Now don’t get me wrong, this isn’t about the neighbors. In what can only be described as a “this world really is too small” episode, our new neighbors turned out to be a family we served in the Army with in Germany over a decade ago, who had no knowledge that we lived here and were surprised to find they already knew their new neighbors. They are nice people and great neighbors. It isn’t really about their mailbox, which is also very nice. No. This was all about our old sadsack mailbox. Moving up from project 147 to project 1 on the list, it HAD TO GO.
We went to several home improvement stores to find a new mailbox, looked online, browsed through some catalogs, and talked to friends and neighbors before we made this important decision. I point this out because in 2005, while living in Sri Lanka, we bought our house here in the States on on the internet, site unseen and with only the realtor’s photos and a hired house inspection to go by. So as our purchasing history would show, we did a whole lot more research to buy our mailbox than we did our house.
We finally bought a new mailbox in early November, though we agonized more over the mailbox price than we had over the house price, perhaps because they were similar. We bought a new pole, one that would look good with the mailbox of course, and brought both items home to sit in our garage. Christmas came and went, dozens of new toys and gadgets had to be assembled and trash hauled etc, and so the mailbox still sat, unopened, in the garage. Last weekend however, with the winter weather eerily mild (is it global warming or global melting?), we decided to rip out the old mailbox and go for it.
I assembled the tools required, opened the box, consulted the half page of instructions and tried to ascertain which screws were which (I hate instructions where there isn’t an actual size picture of the screw to help sort them) and began to build my new masterpiece. I took breaks from trying to put screws into the metal pole, by beginning to dig the hole.

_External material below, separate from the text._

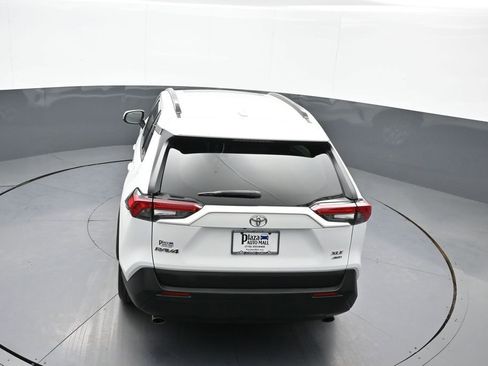 Certified 2022 Toyota RAV4 XLE image 40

Let me say here, that when the instructions say “dig a hole 20 inches by 9 inches,” they really mean it. I thought…twenty inches deep okay, but do I really want it that big around? While my wife was driving to the nearest Home Improvement center to buy a bag of concrete (see that little picture on the box that indicates an 80 pound bag will be necessary?) I finished digging the hole and assembling the pole and mailbox.
As if on cue, she returned with the concrete mix, we quickly mixed it up in the wheelbarrow, I built supports to hold the pole level and shoveled in the concrete. This is when I found that one 80 pound bag of concrete will not fit in a 20 inch by oh-six-or-so inch hole. Fortunately, my wife did not give me one of those, “you didn’t follow the instructions” looks, happy as she was that after two and a half years we were finally getting a new mailbox, and what’s thirteen pounds of concrete more or less in a happy marriage?

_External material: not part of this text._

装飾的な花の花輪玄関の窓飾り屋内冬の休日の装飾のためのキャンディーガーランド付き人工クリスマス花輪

So she stood back and looked at our work with satisfaction while I found someplace to use the extra concrete. Then we cleaned up and went inside to wait the “24 hours or more for concrete to cure” so that I could remove the forms. Then it began to rain. A lot. All night.
We’ve had drought conditions all summer and all fall, and on the one mild day of winter when I go out and dig the wrong size hole and pour not enough concrete into it so that my wife can have a new mailbox that doesn’t match the neighbor’s or overshadow the neighbor’s or look as tacky as our old one or break our budget (not that I have any issues with this project), it rains. Typical. I mean, really.
Today, two days after we installed the mailbox, I finally removed the forms and the concrete was solid, but damp. The new mailbox looks great. I think it should last about ten years, or at the rate I’d likely get to it, fifteen. Add to project list, replace mailbox, project number 1368.